- [DATA FOR THIS TASK]
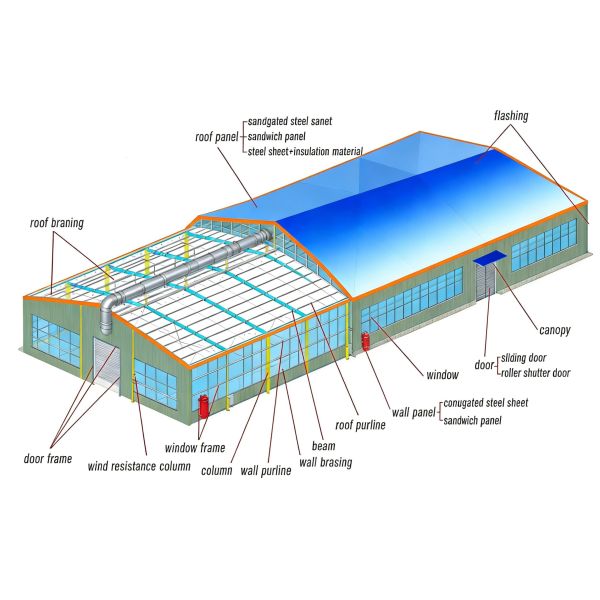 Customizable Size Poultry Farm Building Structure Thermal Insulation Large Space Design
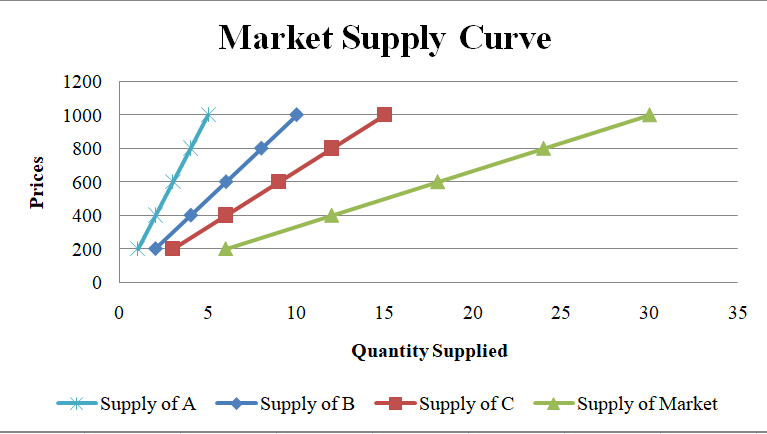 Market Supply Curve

--

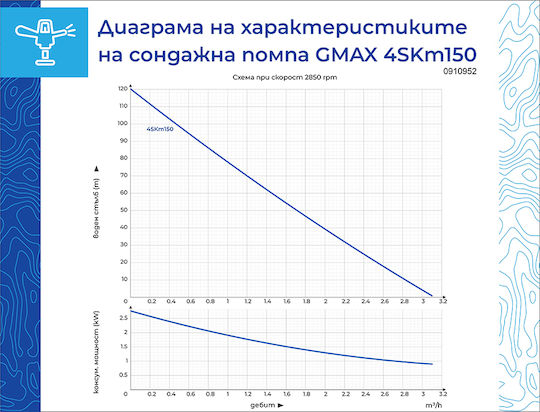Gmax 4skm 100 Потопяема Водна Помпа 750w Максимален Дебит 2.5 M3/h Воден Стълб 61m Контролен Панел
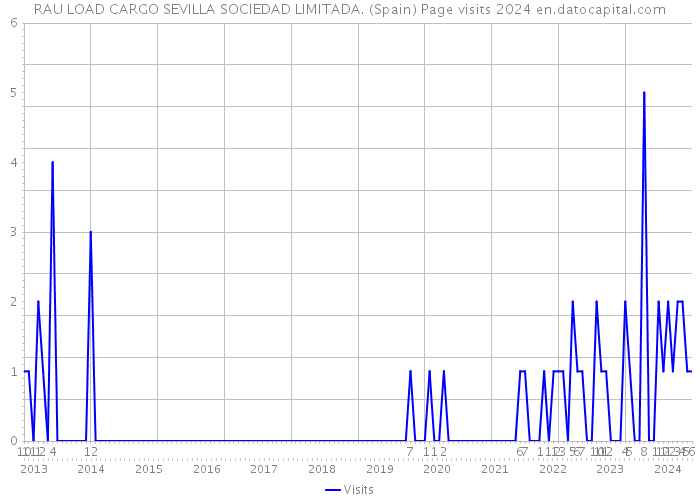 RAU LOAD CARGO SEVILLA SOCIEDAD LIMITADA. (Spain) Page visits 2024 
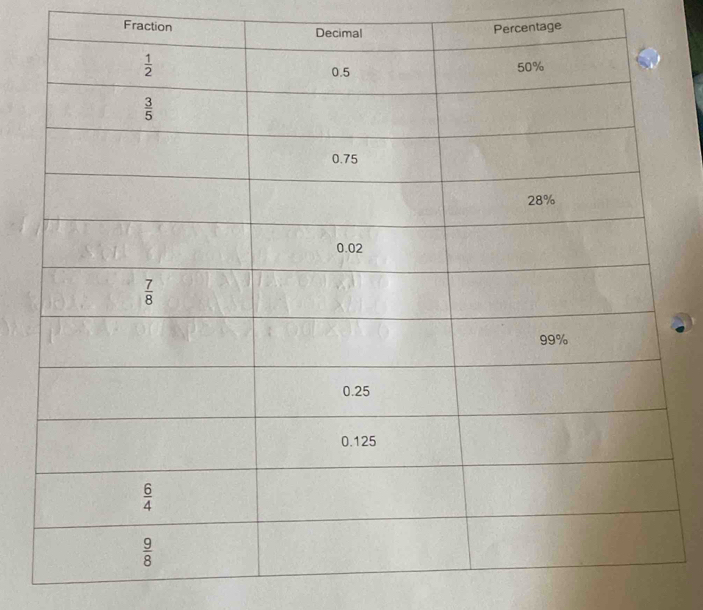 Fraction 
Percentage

==

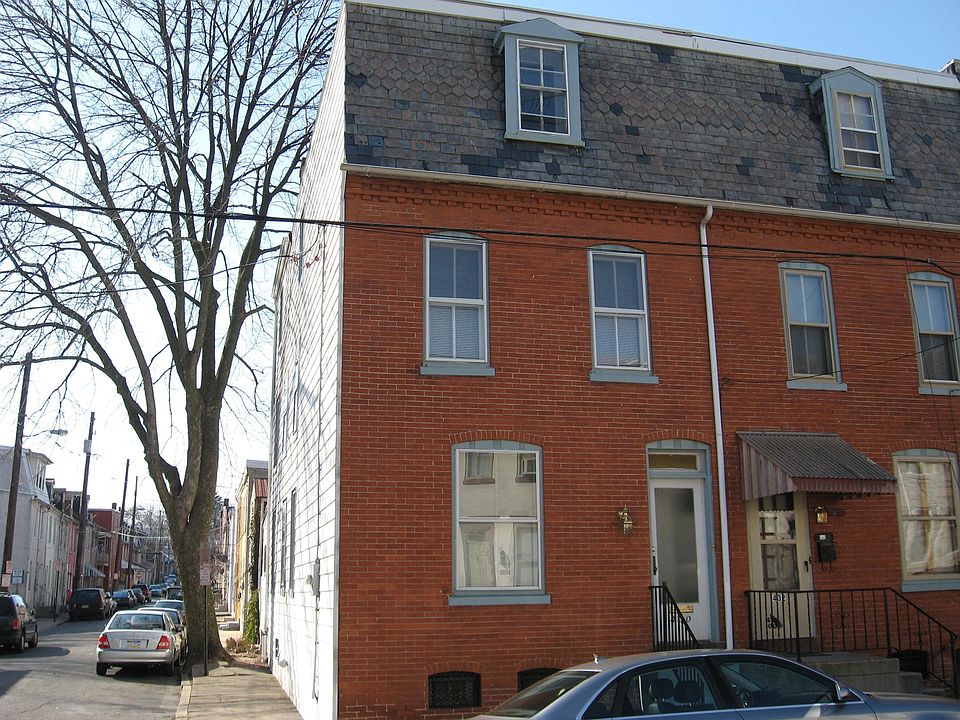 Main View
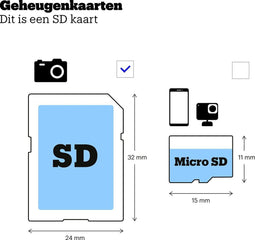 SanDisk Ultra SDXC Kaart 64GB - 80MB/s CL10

- [TRY IT] Above are the records; copy from them only the lines starting at the one containing "Customizable Size Poultry" and ending at the one containing "Market Supply Curve", exactly and without pictures.

- [TASK ANSWER]
 Customizable Size Poultry Farm Building Structure Thermal Insulation Large Space Design
 Market Supply Curve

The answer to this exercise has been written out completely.